● **SUPPLIED DATA**:
--------------------------------------------------
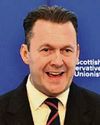 Daily Record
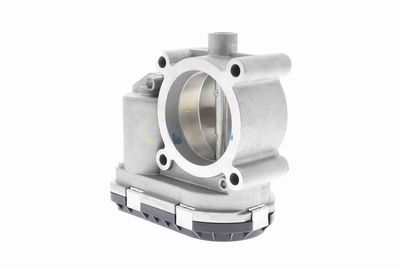 DROSSELKLAPPENSTUTZEN VEMO V308100031 7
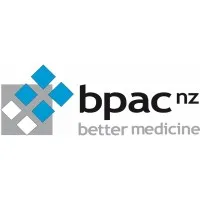 BPAC NZ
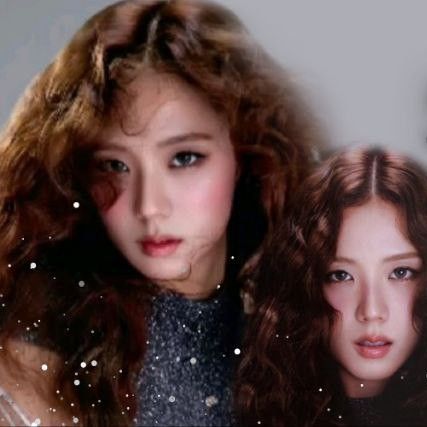 BLACKPINK粉丝拍下的瞬间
--------------------------------------------------
● **YOUR ASSIGNMENT**:
Repeat the listing above word for word. Do not include the pictures.

● **ANSWER AREA**:
 Daily Record
 DROSSELKLAPPENSTUTZEN VEMO V308100031 7
 BPAC NZ
 BLACKPINK粉丝拍下的瞬间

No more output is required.